Part of the Principles and Practice in Records Management and Archives S. series
Access to archival material - the documentary heritage of people all over the world that gives them their identity and ensures their rights - is dependent on the survival of fragile materials: paper, parchment, photographic materials, audiovisual materials and, most recently, magnetic and optical formats.
The primary importance of such survival is widely acknowledged but sometimes overlooked in a rush to provide ever better means of access.
But without the basic material, no services can be offered.
Preservation is the heart of archival activity. Archivists in all types of organizations face questions of how to plan a preservation strategy in less than perfect circumstances, or deal with a sudden emergency.
This practical book considers the causes of threats to the basic material, outlines the preservation options available and offers flexible solutions applicable in a variety of situations.
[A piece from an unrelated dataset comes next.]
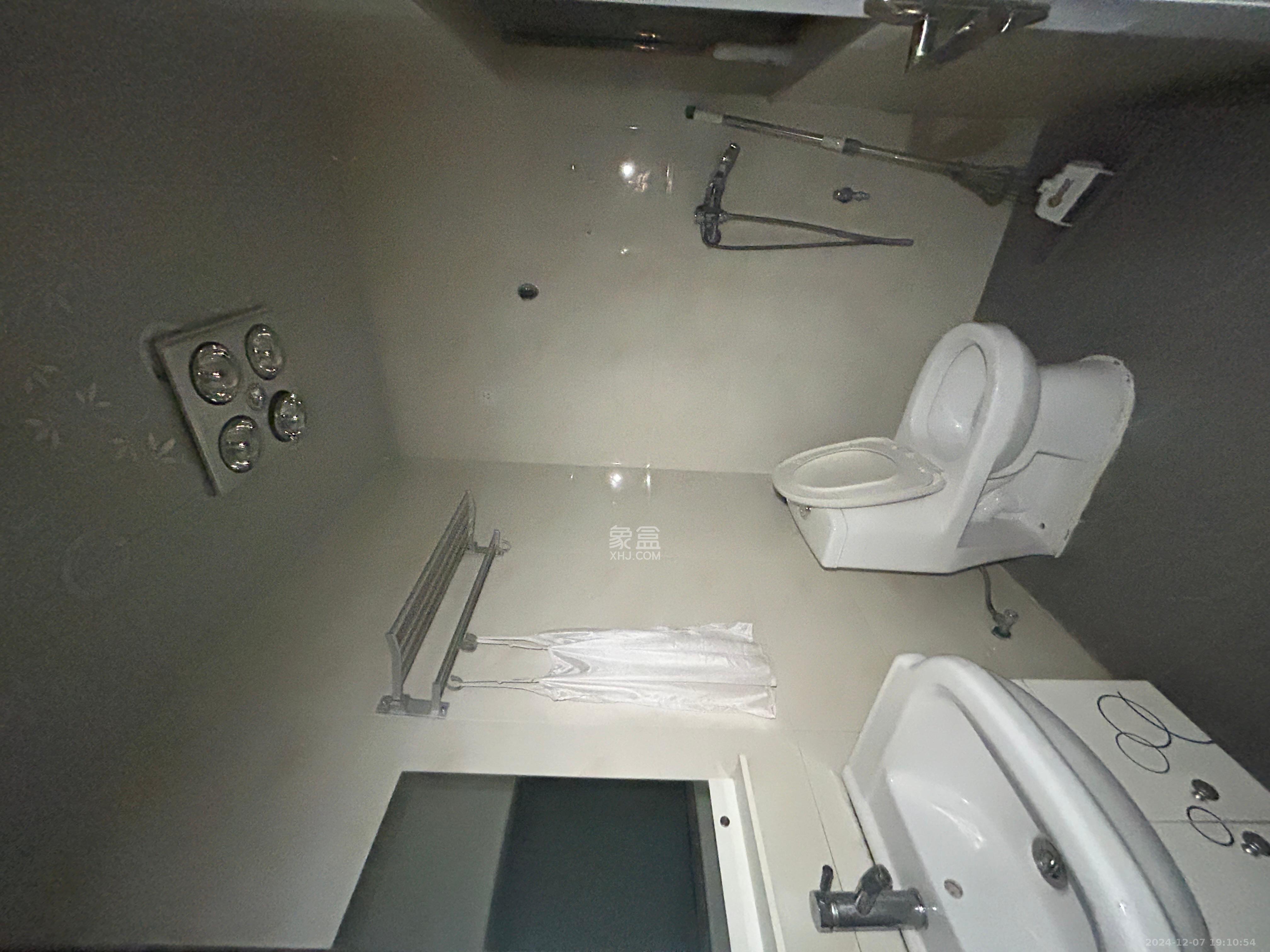 御溪国际  1室1厅1卫    1700.0元/月 御溪国际  1室1厅1卫    1700.0元/月室内图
Benefiting from the author's contact with international specialists at The National Archives, it offers a wide range of case studies and examples. Key topics are: understanding archive materials and their characteristics; managing digital preservation; archive buildings and their characteristics; safeguarding the building and its contents; managing archival storage; managing risks and avoiding disaster; setting up a conservation workshop; moving the records; exhibiting archives; handling the records; managing a pest control programme; using and creating surrogates; and, putting preservation into practice.
This is a vital handbook for professional archivists, but also for the many librarians, curators and enthusiasts, trained and untrained, in museums, local studies centres and voluntary societies in need of good clear advice.